# Have you ever auditioned for anything?



## Auraflash (Feb 1, 2011)

Title says it all, whether it's for a school band, a choir, a play, anything. And if you audition, what do you usually do to prepare/get rid of nervousness?

I recently auditioned for a high school wind ensemble for Bb Clarinet. Yeahhh my chances are pretty darn low considering the fact so many people try out. I practiced for only a week, since I had no idea when the auditions were until someone told me 8 days in advance. I think I was nervous enough to mess up two notes in my audition piece, but overall I did okay.


----------



## Superbird (Feb 1, 2011)

From the moment you learn it exists, start practicing. So far, I've done three successful school auditions; two for bands and one for Pit Orchestra. All I can say is be prepared.


----------



## Auraflash (Feb 1, 2011)

I'm pretty sure I learned that the hard way. 

This is technically my first audition for anything, unless ones for middle school wind ensemble(which is just to play a piece of music my teacher hands out decently well) count. 

By the way, what instrument do you play?


----------



## opaltiger (Feb 1, 2011)

No, I know the directors and get in automatically. 8) (For plays.)


----------



## Auraflash (Feb 1, 2011)

...Lucky... T.T I'm competing against about maybe 50+ people for 20 spots, because the high school I will be going to has 2 other middle schools that sends kids to the school.


----------



## Teh Ebil Snorlax (Feb 1, 2011)

My school musical, in which I get a progressively more prominent role every year;

_Pirates of Penzance_ - Generic Background Pirate (No Acting, No Lines)
_South Pacific_ - Sailor Who Interacts With Main Character (No Acting, No Lines)
_Kiss Me, Kate_ - The Innkeeper (Acting, No Lines)
_Oliver!_ - The Policeman (Acting, Lines)

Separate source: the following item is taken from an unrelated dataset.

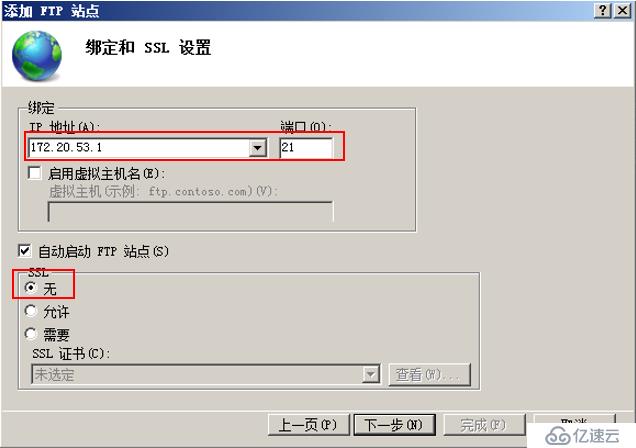 在FTP服务器上给不同的用户设置不同的权限实现不同的功能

I figure I get a role with a name next year, if the pattern continues.


----------



## Flora (Feb 1, 2011)

Chorale since freshman year, plays since...before eighth grade/freshman year (see, I think the mindset with that first one was "no parts for you because we have _high schoolers)_

used to be one play per year until last year, now it's two


----------



## Autumn (Feb 1, 2011)

successful auditions:
wind ensemble

unsuccessful auditions:
odyssey of the mind, talent show, jazz choir (two years), jazz band, all-district band

:(


----------



## Whirlpool (Feb 1, 2011)

Talent show at my school with piano, a few other piano things at my music school, and a play in third grade. This is my first year doing the talent show.

...I've been playing the piano for ~7 years but I'm always nervous. :3


----------



## RespectTheBlade (Feb 1, 2011)

I have a pending audition... I'm going to audition for concert and show choirs this march. hopefully I make it. *crosses fingers*


----------



## Kratos Aurion (Feb 1, 2011)

Not as far as "successful audition determines whether or not you're even allowed to be in the group/performance/etc.", no, because in my middle and high school choir, plays, etc. participation was mandatory. The only thing I actually had to _audition_ for was our eighth-grade production of Oliver!, and that was more a matter of "which role(s)" than anything else; everything else we ever did was either just asked for or handed to us and we'd better like it or else.

Given a choice, I'd probably have avoided most of those things. I don't hate singing or acting/performing, but I can think of other ways I'd rather spend my time both in and out of school.


----------



## Furiianda (Feb 2, 2011)

Be prepared! Be _overprepared!_ Breathe deeply! Imagine you're playing to your stand! Concentrate! Don't let your thoughts wander, and DEFINITELY don't dwell on any mistakes you make whilst playing. 

Uhm, auditions... yeah... well I was in a singy dancy thing for like 6 years and you do mini-auditions at the end of each year. (I suck at dancing very very much so I was promoted eventually, mostly to fit the new age groups, but always one of the oldest kids)
Was in band for also, about 6 years. You auditioned every time you wanted to go up... and when you wanted to join... so probably did 4 auditions all together, all on the Bb clarinet, and after the band shut down I auditioned for orchestra on bassoon, I was kinda over the requirements for that and they were super happy to be accepting 3 whole bassoons into the orchestra. Funny enough though, in band, I started on 3rd desk, moved up to 1st the next year because all our good people left, then was demoted to 2nd... then 3rd... then when I moved up to the next ensemble the conductor (sits in on all the auditions) looked at me like HMMM bass. So yeah I was playing bass... ahem.  OH yeah and once you were in the top ensembles you had to audition every year! So I would have done another clarinet audition for the band, whoopsie.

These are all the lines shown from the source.